June 24, 2026

Build speed? More like rebuild drama

Optimizing [sqlx:test] rebuild time

One tiny test trick made rebuilds crawl, and the comments instantly turned nostalgic

TLDR: A developer found that a convenient testing feature was bloating every test run by repeatedly embedding database setup data, slowing small rebuilds to a crawl. The comment section’s defining mood was weary amusement, with readers reacting like veterans watching yet another “helpful” tool turn into a time thief.

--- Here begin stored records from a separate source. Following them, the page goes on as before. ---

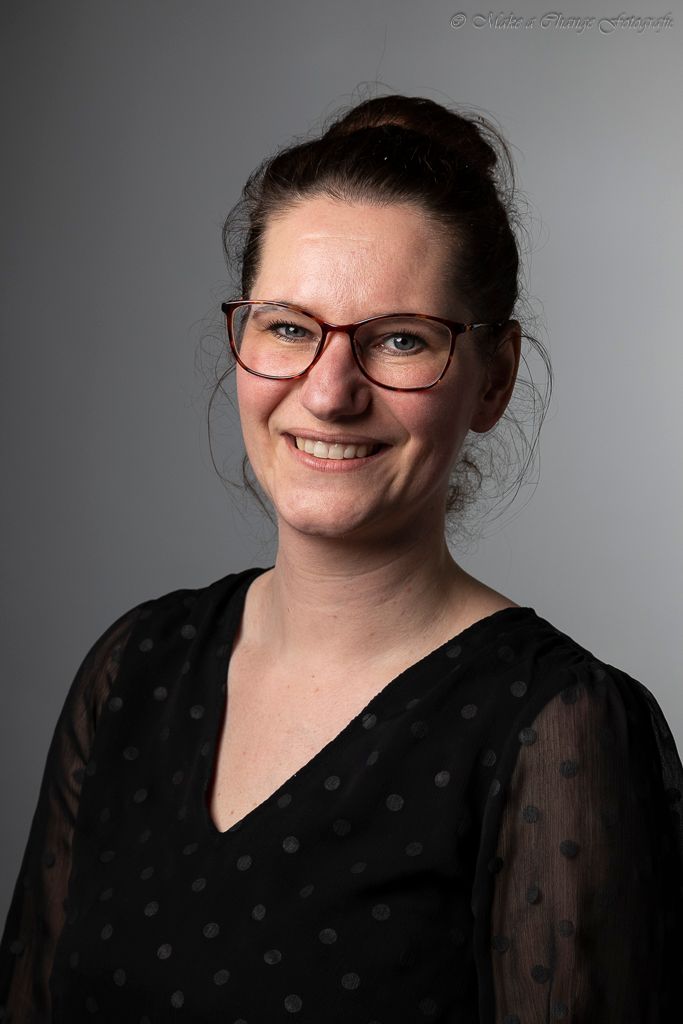 Vrouw met bril lacht, knotkapsel, grijze achtergrond.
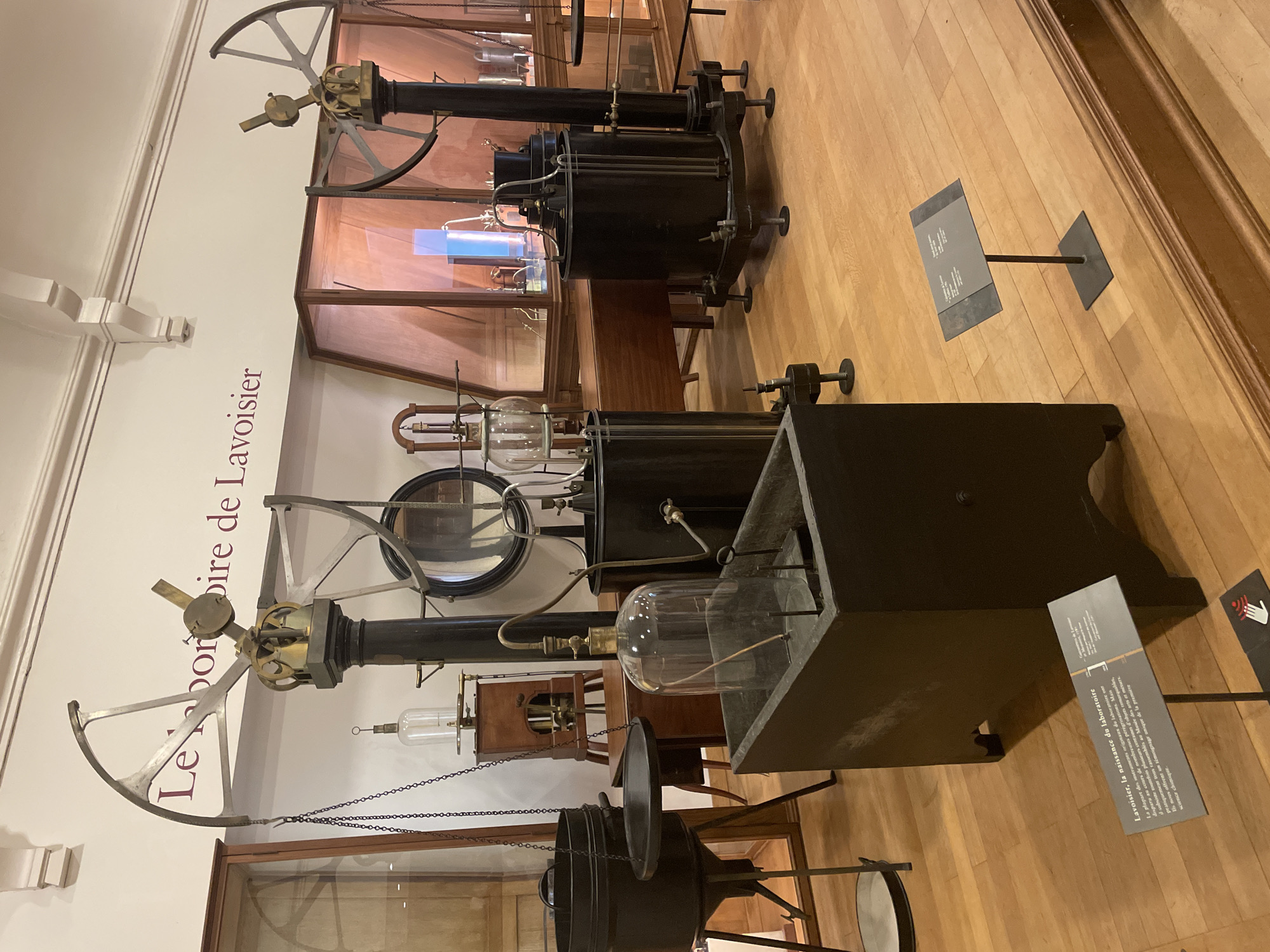 This image showcases a collection of historical scientific apparatus, likely displayed in a museum setting in Paris, France. The central focus is on two elaborate, dark-colored machines with prominent brass and metal components, including large, spoked wheels and glass vessels. These instruments appear to be part of an exhibition dedicated to the scientist Lavoisier, as suggested by the text on the wall which reads "Le laboratoire de Lavoisier" (Lavoisier's laboratory).
The scene is indoors, with a polished wooden floor. The lighting suggests a well-lit exhibition space, possibly with display cases containing other historical artifacts in the background, some of which are partially visible. One of the machines features a large cylindrical chamber, while the other has a more complex arrangement of tubes and chambers, including a prominent spherical glass container.
Several informational plaques are visible, including one in the foreground on the right that provides text in French. The text on the plaque translates to "Lavoisier, the birth of the laboratory," and it details the journeys of the original laboratory instruments and the preservation of hundreds of remarkable objects, offering a unique testament to the early days of chemical science.
The overall impression is one of historical preservation and scientific education, highlighting the foundational work of Lavoisier in the field of chemistry. There are no people visible in the image, and the scene is static, focused on the inanimate objects. The atmosphere is scholarly and informative.
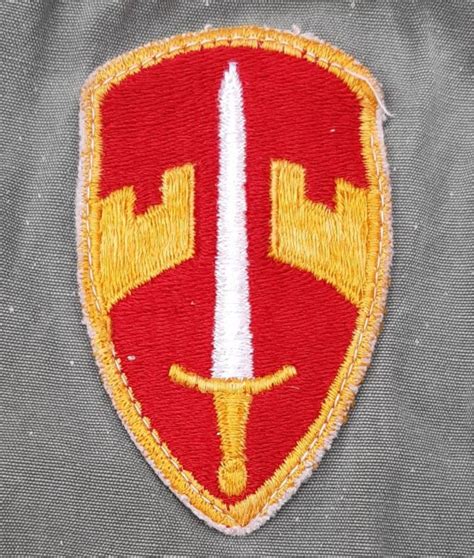 An Early Macv Color Insignia With A Raw Cut Edge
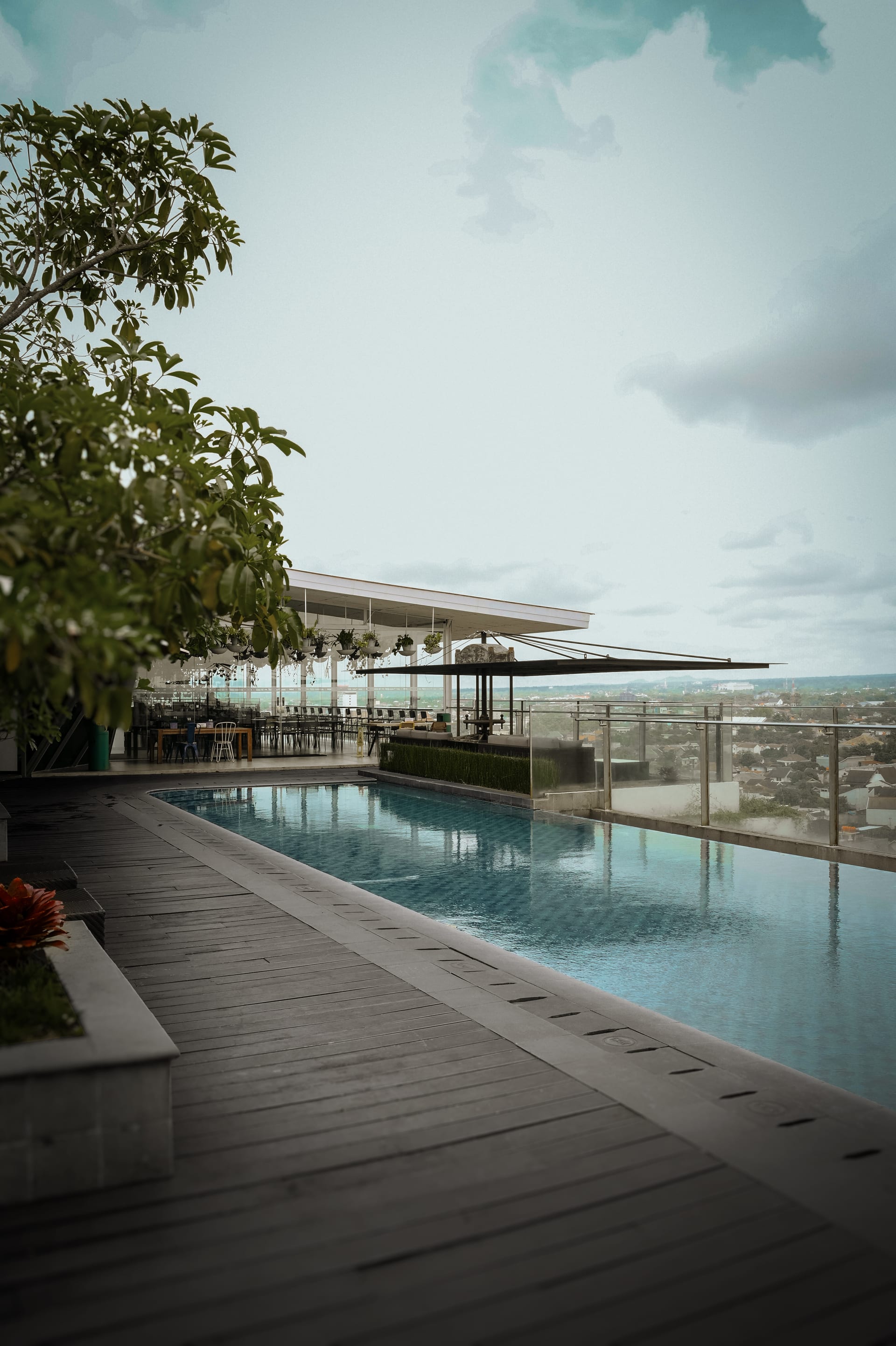 Timber deck running beside the sky-pool, with the plant-hung rooftop pavilion and Jogja spread below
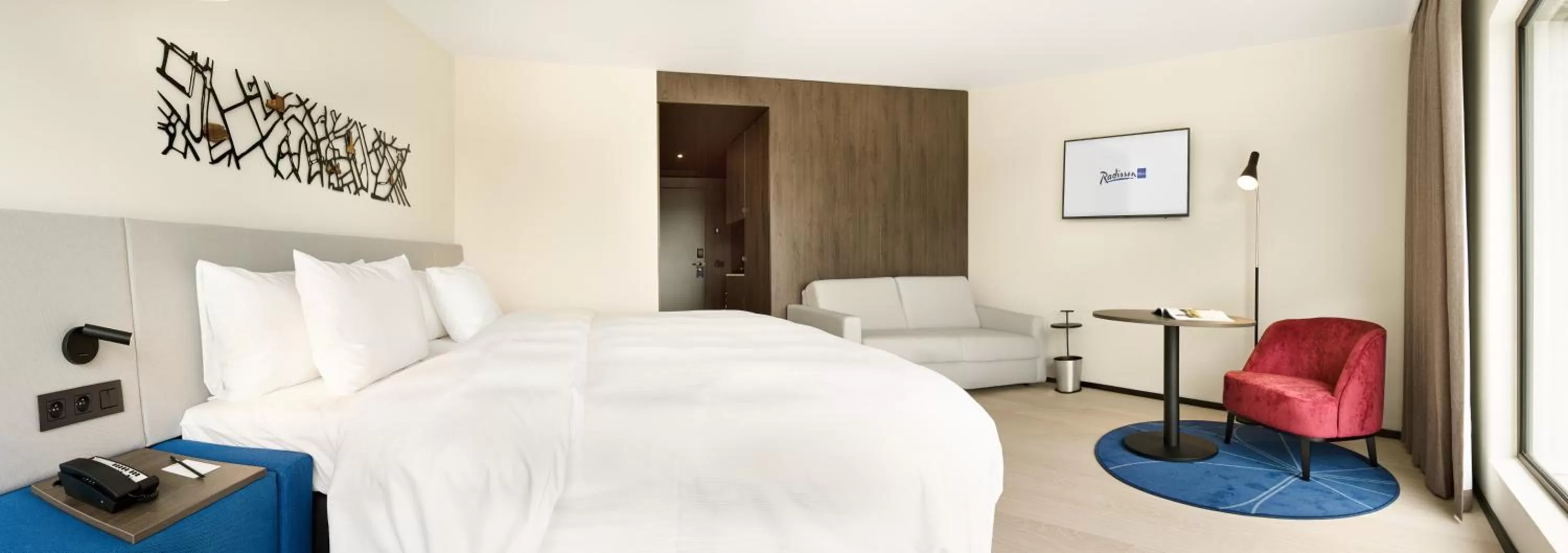 Photo of the whole room, Bed in Radisson Blu Hotel, Bruges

A Rust developer went digging into why their project’s tests felt painfully slow to rebuild, and the big reveal was surprisingly petty: a handy test helper was quietly stuffing huge chunks of database setup text into every single test behind the scenes. Translation for normal people: every time they made a small edit, their computer was re-packing the same giant suitcase over and over again, and that was eating seconds off their day. In fast-feedback coding land, that’s enough to spark real annoyance.

The community reaction, though, was the real mood setter. Instead of a giant flame war, the comments arrived with that classic internet blend of war flashbacks, gallows humor, and instant aging. The standout line came from dented42: “Gods I feel old…” — which pretty much captured the emotional energy of the thread. It’s the kind of reaction that says, “We used to complain about one problem, and now the problem has evolved into a deluxe, extra-complicated version of itself.”

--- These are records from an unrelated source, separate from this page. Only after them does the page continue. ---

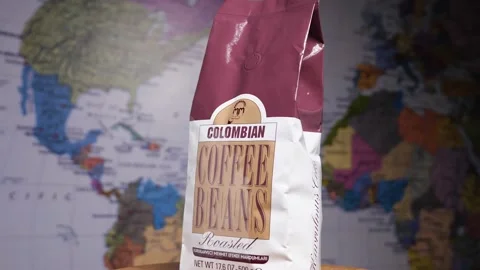Slow-motion of a packet of Turkish coffee against a world map Stock Footage 171448037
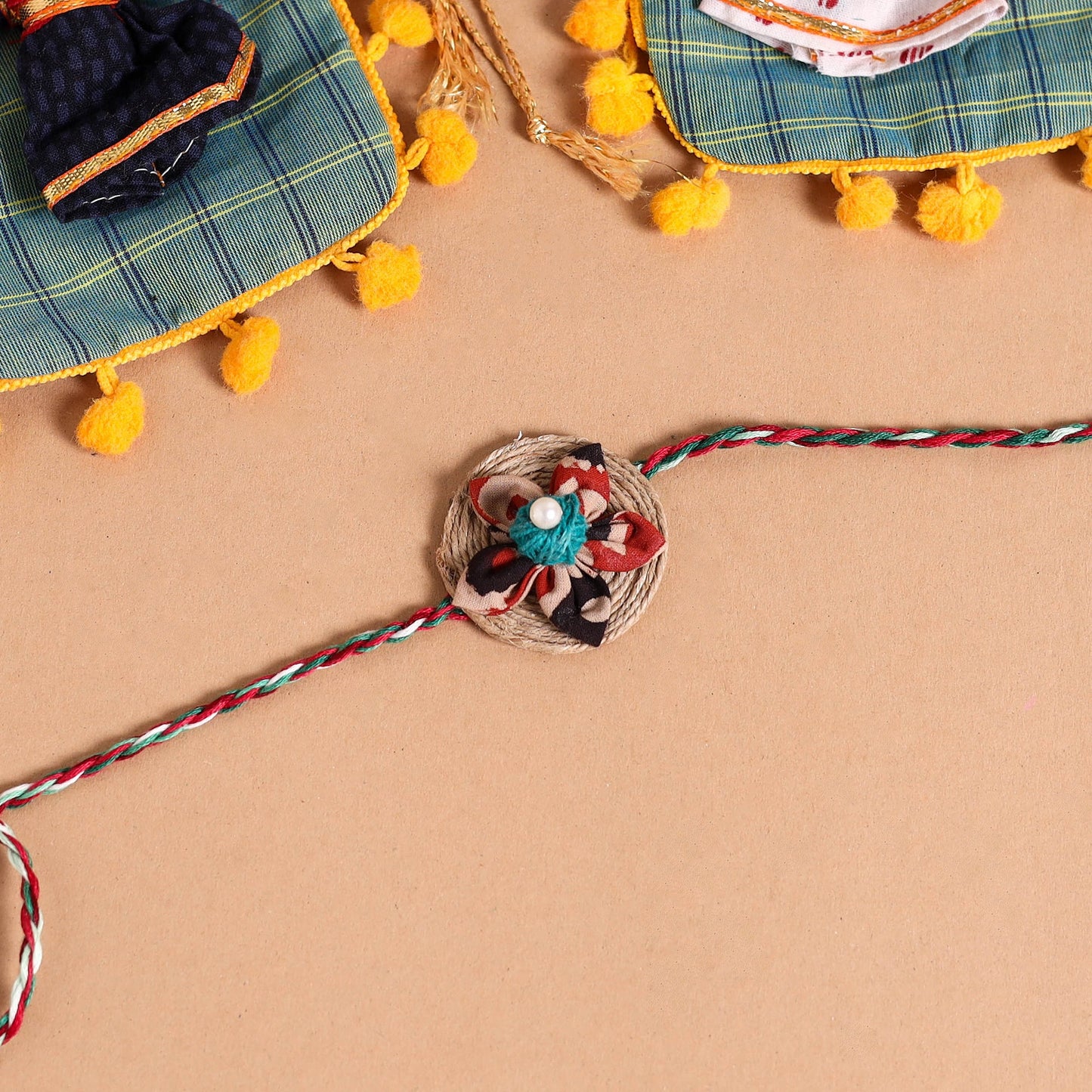  Handmade Fabric Flower Jute Rakhi (Set of 2)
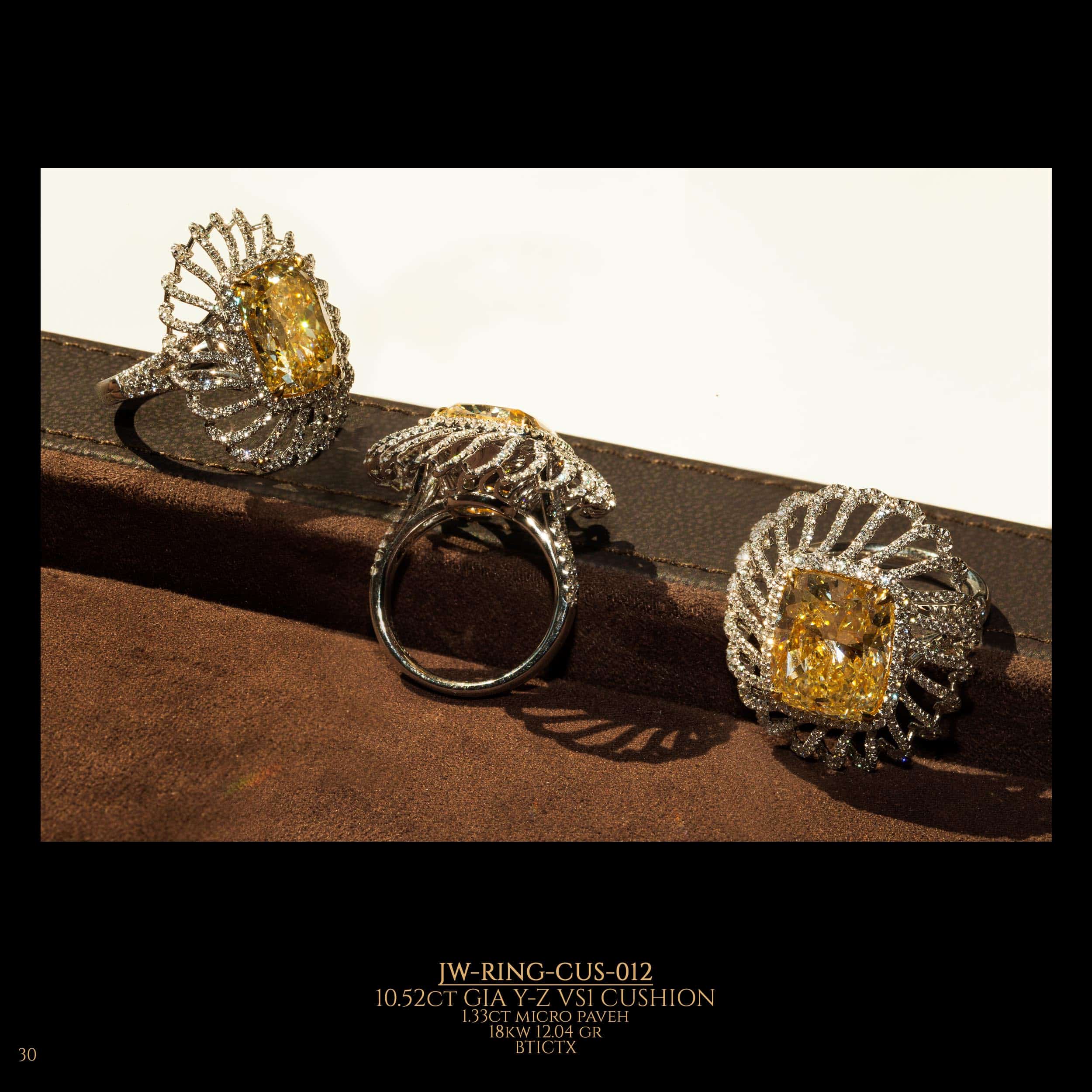 Unique shape diamond ring with large fancy yellow cushion diamond in the center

There’s also a quiet drama underneath the post: developers love tools that save time, right up until those same tools secretly make every rebuild drag. That tension is the hot take here. The article itself is a detective story about hidden slowdown, but the comments turn it into something even juicier: a shared community sigh that modern software tools are amazing, cursed, and somehow both at once.

Key Points

  • The article profiles slow incremental rebuilds in a Rust project with many `#[sqlx::test]` integration tests, where recompiling tests after small changes took roughly 7.5 to 10 seconds.
  • Several factors were identified in the slow rebuilds: debug information generation, `rustc` incremental session overhead, and linker time, with `lld` taking about one second versus about 200 ms for `wild`.
  • The build was performed with `SQLX_OFFLINE=1`, so the slowdown was not caused by live database connections during compilation.
  • Each `#[sqlx::test]` macro invocation reads migrations from disk, parses, validates, and hashes them, but the article says this processing was not the main bottleneck.
  • The main `sqlx`-related compile-time cost came from macro expansion that embeds a full migration list, including SQL text and checksum byte arrays, into generated Rust source for every test.